- [Data]:
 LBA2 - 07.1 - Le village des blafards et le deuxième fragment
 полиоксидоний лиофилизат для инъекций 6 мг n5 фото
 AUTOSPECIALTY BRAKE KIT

* * *

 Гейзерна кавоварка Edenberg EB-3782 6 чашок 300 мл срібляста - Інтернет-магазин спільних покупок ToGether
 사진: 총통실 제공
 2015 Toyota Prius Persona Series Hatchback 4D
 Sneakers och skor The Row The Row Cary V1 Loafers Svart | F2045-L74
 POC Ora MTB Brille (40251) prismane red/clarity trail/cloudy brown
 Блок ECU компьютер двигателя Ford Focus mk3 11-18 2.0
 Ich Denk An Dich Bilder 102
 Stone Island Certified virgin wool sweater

- [What you should do]: Within the listing above, extract exactly the lines from the line with "LBA2 - 07.1" to the line with "AUTOSPECIALTY BRAKE KIT", the two named lines included, and no others.

- [Solution for this exercise]:
 LBA2 - 07.1 - Le village des blafards et le deuxième fragment
 полиоксидоний лиофилизат для инъекций 6 мг n5 фото
 AUTOSPECIALTY BRAKE KIT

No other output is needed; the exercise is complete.